CEOs that allow themselves to be ruled by ego and emotion, that need to see their name in news headlines (“Narcissist” CEOs as defined by Stanford Professor Charles O’Reilly), are more likely to take significant risks – including impulsive M&A transactions – at the expense of a thoughtful, long-term operating strategy.
Stanford’s O’Reilly has done much work on this subject (I communicated with O’Reilly at length in 2018 for our CEORater CEO Personality service). We have previously written about O’Reilly’s work in “Narcissistic CEOs Carry Greater Legal Risk” and “CEO Narcissism & Company-Specific Risk“.
Oracle (tkr: ORCL) founder & CTO Larry Ellison (Oracle’s driving force) is a narcissist. Oracle’s TikTok deal is a great example of a CEO (in Oracle’s case a founder), allowing his ego to win the day over logic. We have written about the deal on two previous occasions. Our thesis is that Oracle should abstain from the TikTok deal given that TikTok’s recommendation engine will not be included in the deal.
The TikTok deal is 99% “sizzle” from our perspective. It smacks of Ellison trying to re-write his legacy. Oracle has been late to the party or entirely missed major Technology trends over the past 20 years. Examples include: Search (miss), Cloud/SaaS applications (late) and moving its Database offerings to the cloud (late).
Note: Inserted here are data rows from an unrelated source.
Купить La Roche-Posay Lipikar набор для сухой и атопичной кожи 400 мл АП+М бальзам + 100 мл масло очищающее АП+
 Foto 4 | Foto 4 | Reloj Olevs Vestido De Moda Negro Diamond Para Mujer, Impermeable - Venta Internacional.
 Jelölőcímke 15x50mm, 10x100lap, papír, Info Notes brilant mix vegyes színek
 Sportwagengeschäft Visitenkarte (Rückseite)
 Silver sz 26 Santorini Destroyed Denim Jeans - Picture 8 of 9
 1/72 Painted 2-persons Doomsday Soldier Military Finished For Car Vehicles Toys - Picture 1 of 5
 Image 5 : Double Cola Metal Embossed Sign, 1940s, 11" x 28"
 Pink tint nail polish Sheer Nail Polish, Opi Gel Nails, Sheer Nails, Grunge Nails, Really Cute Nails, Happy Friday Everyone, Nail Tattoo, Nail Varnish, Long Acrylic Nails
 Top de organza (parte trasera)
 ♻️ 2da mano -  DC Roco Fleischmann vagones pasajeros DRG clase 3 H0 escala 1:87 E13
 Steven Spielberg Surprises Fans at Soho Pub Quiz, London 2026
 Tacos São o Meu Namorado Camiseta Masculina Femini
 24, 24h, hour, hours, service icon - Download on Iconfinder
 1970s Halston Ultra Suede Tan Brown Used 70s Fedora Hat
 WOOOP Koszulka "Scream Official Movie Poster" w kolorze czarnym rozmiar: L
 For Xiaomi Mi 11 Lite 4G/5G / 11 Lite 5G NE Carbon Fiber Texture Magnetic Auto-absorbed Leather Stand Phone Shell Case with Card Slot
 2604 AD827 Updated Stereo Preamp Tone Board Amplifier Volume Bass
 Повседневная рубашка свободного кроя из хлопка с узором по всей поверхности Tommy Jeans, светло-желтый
Oracle isn’t getting meaningful IP in the deal. User data is the consolation prize. Typically that user data would be used to improve the recommendation engine. Since Oracle won’t own the recommendation engine it means that Oracle won’t be able to strategically leverage the user data that will reside in Oracle Cloud. It also means that ByteDance will have access to that data set.
Thus, Ellison and Oracle win newspaper headlines but gain little of value. Publishers such as the WSJ (who do not know what they are talking about) praise the deal as a win for Ellison and Oracle. Oracle shareholders should be less than thrilled.